■ Information provided
--

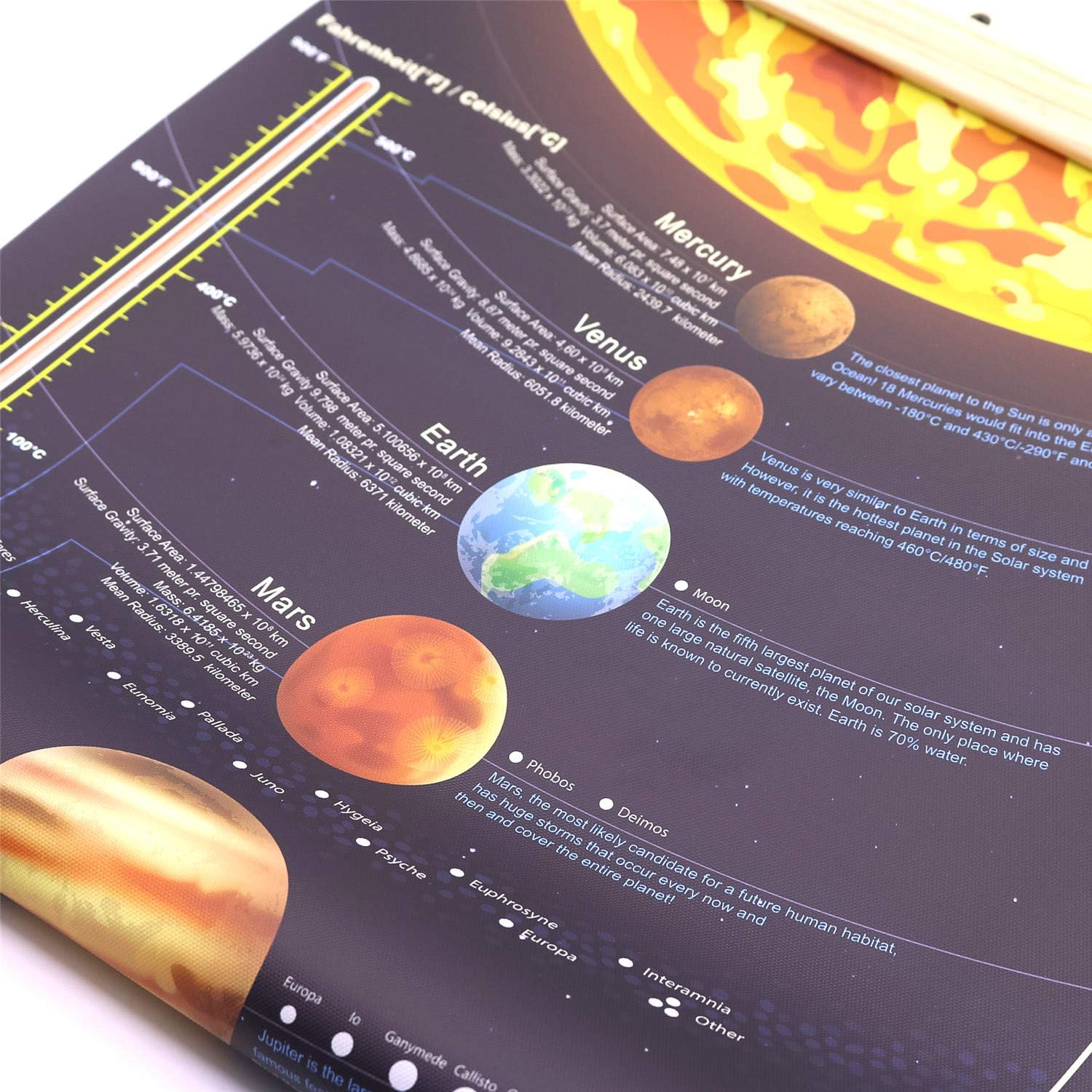 BeeZoom Solar System Print Poster Large Space Outer Planets Painting Kids Wall Art Decor 16x31 inch (Canvas with Frame): Posters & Prints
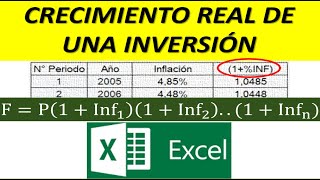 CRECIMIENTO REAL DE UNA INVERSION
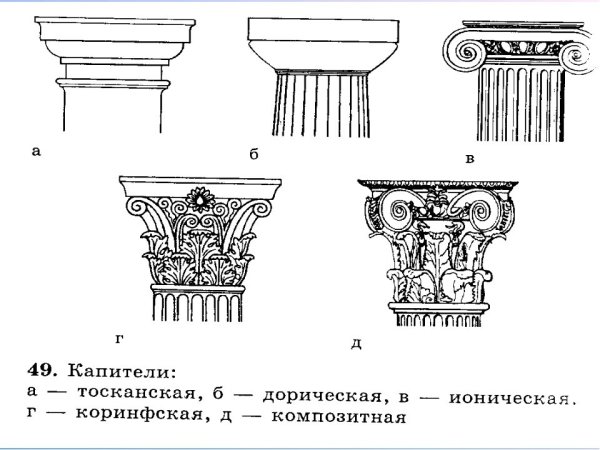 Дорический ионический Коринфский Тосканский и композитный ордера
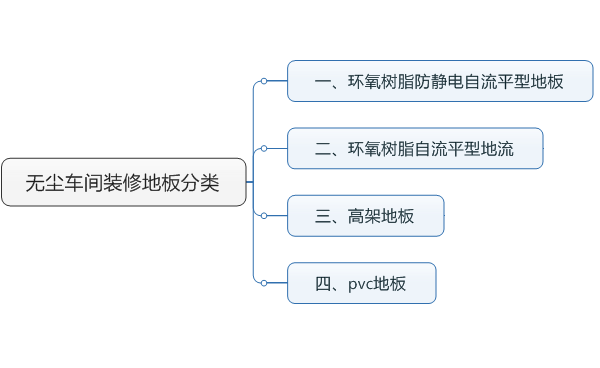 无尘车间kaiyun·开云(中国)官方网站,kaiyun.com常用地板类型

--

■ Task details
With the pictures omitted, reproduce the data above exactly.

■ Answer to this task
 BeeZoom Solar System Print Poster Large Space Outer Planets Painting Kids Wall Art Decor 16x31 inch (Canvas with Frame): Posters & Prints
 CRECIMIENTO REAL DE UNA INVERSION
 Дорический ионический Коринфский Тосканский и композитный ордера
 无尘车间kaiyun·开云(中国)官方网站,kaiyun.com常用地板类型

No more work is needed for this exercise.